Moody’s upgrades 28 multi-cédulas after CR assignment
Monday, 22 June 2015
Moody’s upgraded 28 multi-cédulas on Friday, raising their ratings by up to four notches, following the assignment of new Counterparty Risk (CR) assessments for the issuers of the underlying Spanish covered bonds earlier last week.
The new CR assessments are assigned to issuers as part of a wider update to Moody’s bank rating methodology, and result in new covered bond anchors for the programmes that are higher than the previous ones.
Moody’s upgraded the multi-cédulas – from AyT Cédulas Cajas, Cédulas TDA, Intermoney and PITCH programmes, as well as Cédulas Grupo Banco Popular 3 – citing an improvement in the expected loss for the cédulas backing the series.
Cédulas Grupo Banco Popular 3 benefitted from the most notches of upgrade, being lifted by four notches, from A3 to Aa2.
Upgraded by three notches were AyT Cédulas Cajas V – Series B, AyT Cédulas Cajas Global – Series X, Programa Cédulas TDA – Series A5, and Programa Cédulas TDA – Series A6, all of which were raised from A3 to Aa3. Also receiving three notches of upgrade was AyT Cédulas Cajas VIII – Series B, which was lifted from Baa1 to A1.
The rating agency also confirmed the ratings of seven multi-cédulas from the AyT Cédulas Cajas, Cédulas TDA, Intermoney and PITCH programmes, where there is no change in the expected loss, although it added that three of these series have exposures to a participant whose private rating is on review.
The actions complete a review of the ratings that was initiated on 20 March, when Moody’s placed the ratings of 37 multi-cédulas on review for upgrade.
Moody’s said that four issuers participating in any of the 35 multi-cédulas have no CR assessment, with their credit quality being assessed either through private monitored ratings or credit estimates. Two of these issuers participate in only one series each with less than 6% exposure.
Another of the four issuers, whose anchor was assessed through a credit estimate, participates in 25 series with an average exposure of 14.8% and a maximum exposure of 30.8%.

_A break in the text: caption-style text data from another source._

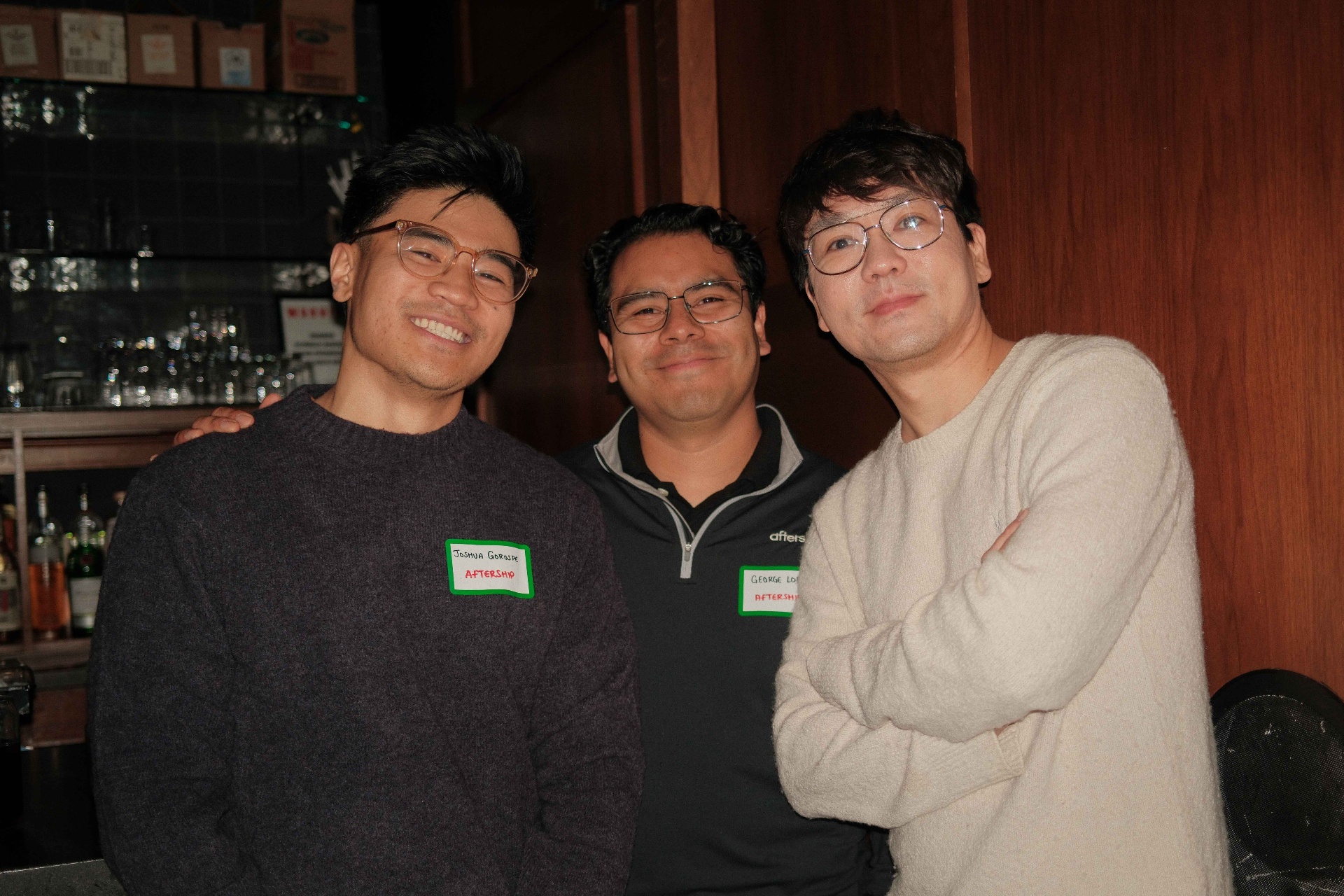 Three guests posing together at a CX and the City dinner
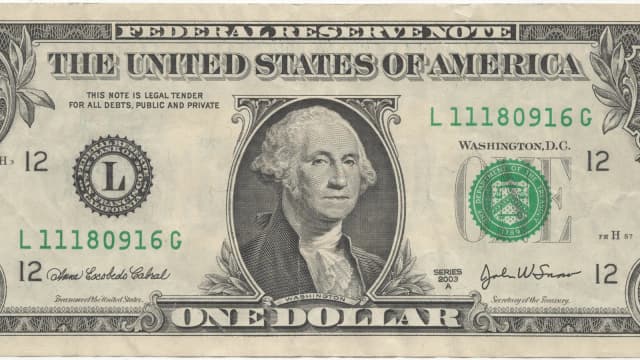 Cédula de um dólar americano, símbolo da moeda que domina o comércio internacional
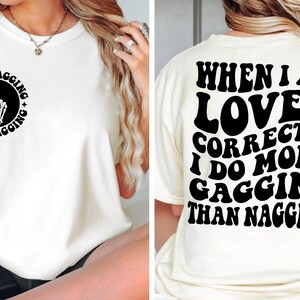 May include: White t-shirt with a black graphic on the front that says "Less Nagging More Gagging" with a peace sign made of bones. The back of the shirt says "When I am Loved Correctly I do More Gagging Than Nagging".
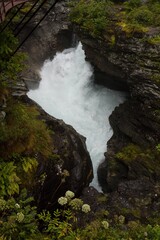 Fototapeta na wymiar Beautiful waterfall surrounded by Norwegian nature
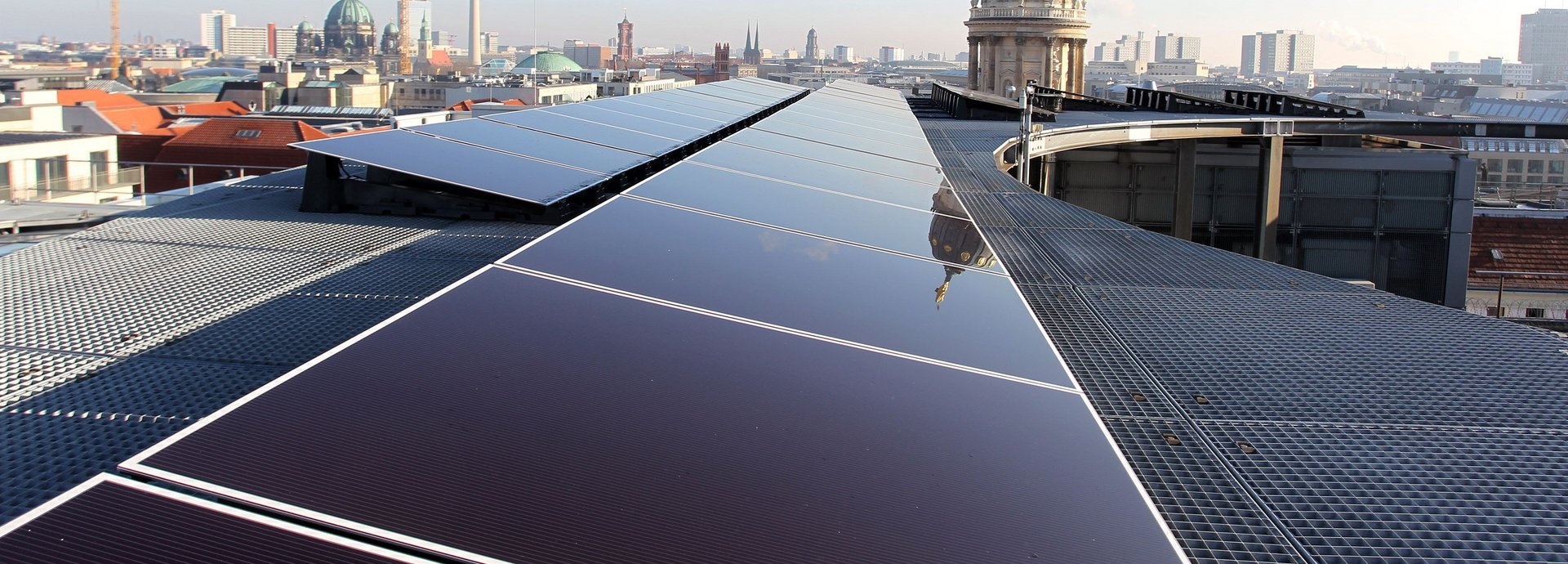 Solarzellen auf einem Dach in Berlin mit dem Fernsehturm am Horizont und blauem Himmel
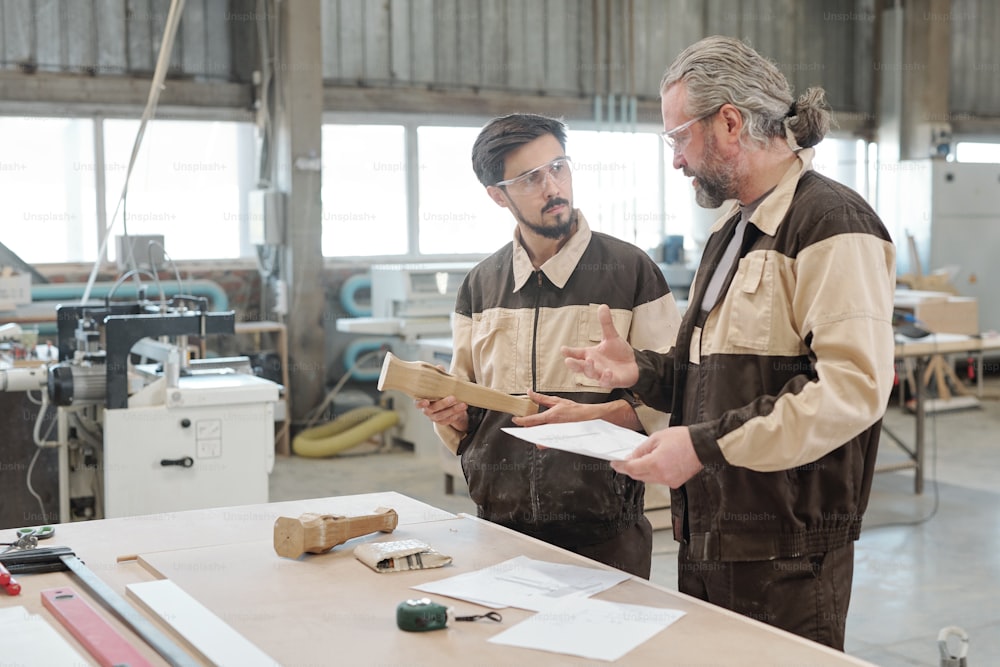 工場の作業場の大きなテーブルで、若い研修生に木製のワークピースのスケッチを説明する年配の専門技術者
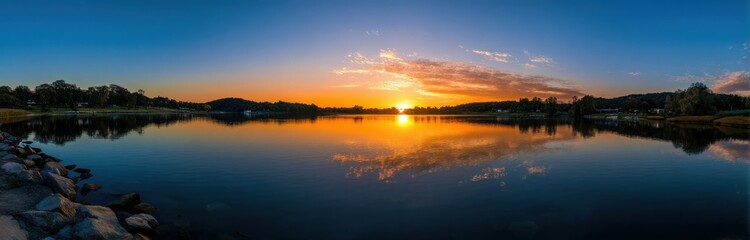 Poster - Panoramic View of Lake at Sunset With Reflections, Representing Tranquility and Environmental Conservation for Tourism Promotion : Generative AI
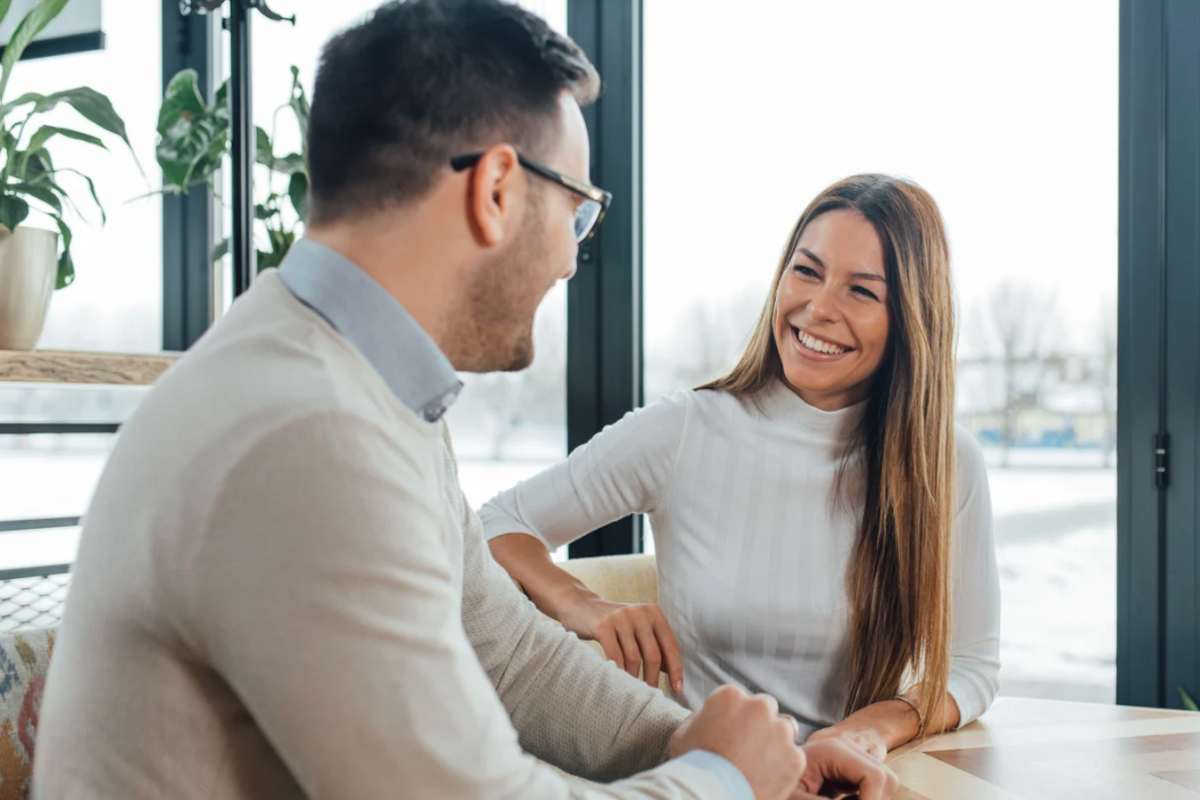 Una donna che sorride e un uomo di spalle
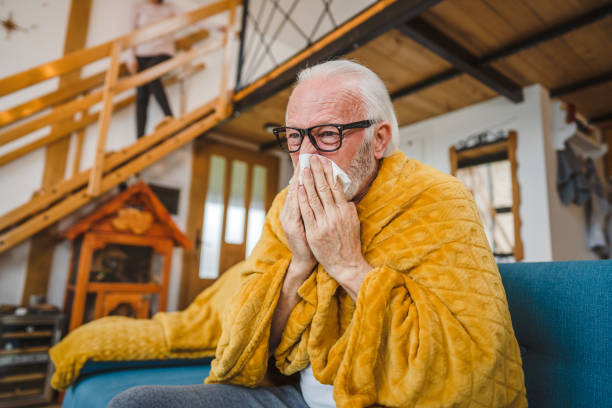 istock one senior man sit on sofa bed hold Paper tissue common cold sneezing 1664413272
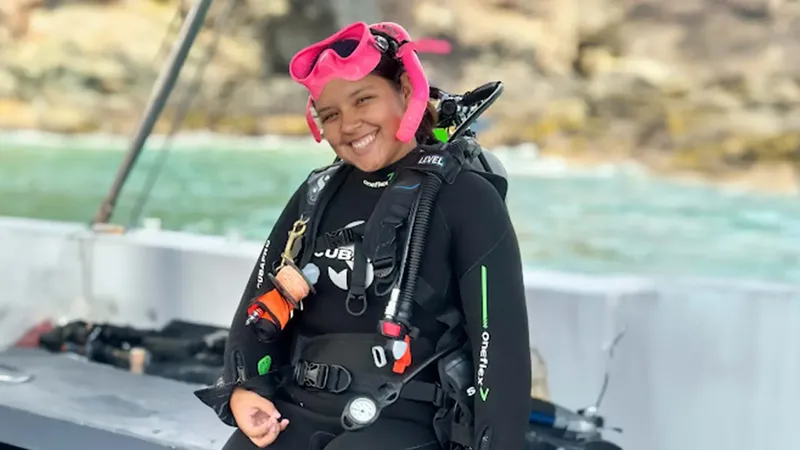 Plongeuse souriante en combinaison complète sur un bateau de plongée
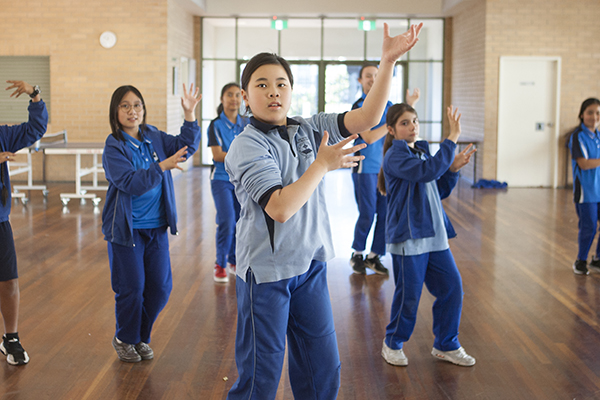students dancing at school hall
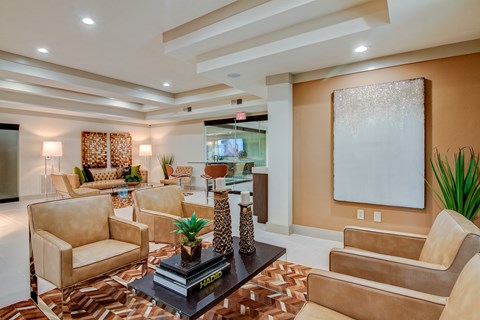 a living room with couches and chairs and a coffee table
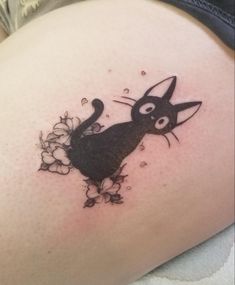 a black cat tattoo on the side of a woman's thigh with flowers around it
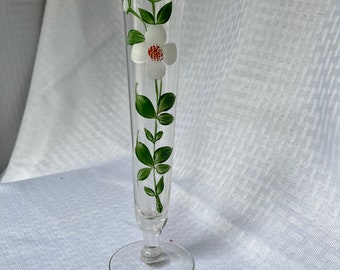 May include: A clear glass vase with a white flower and green leaves painted on the side. The vase has a flared top and a round base.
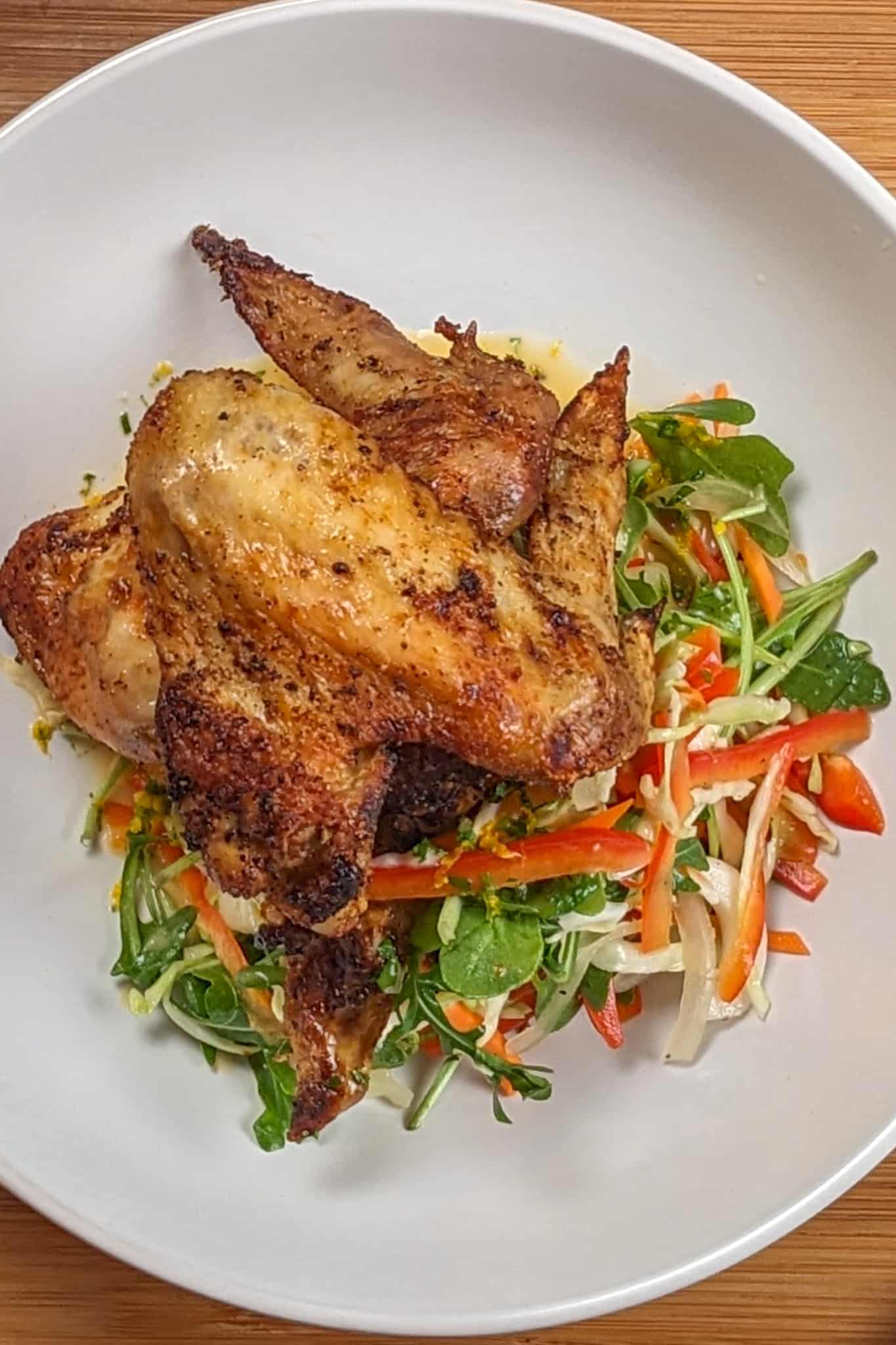 top view of the Best Air Fryer Caribbean Style Citrus Chicken Wings next to a salad with vinaigrette in a wide rim bowl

The other, whose rating was assessed through a private monitored rating, participates in three series with an average exposure of 29.4% and a maximum exposure of 39.2%. This private rating is under review, Moody’s said, and given the size of the issuer’s participation the conclusion of the review may impact the rating of the related multi-cédulas.
The rating actions also take into account updated information on the underlying mortgage pools of participating issuers, Moody’s said.
On Thursday, Moody’s upgraded 20 Spanish covered bond programmes after assigning new CR assessments.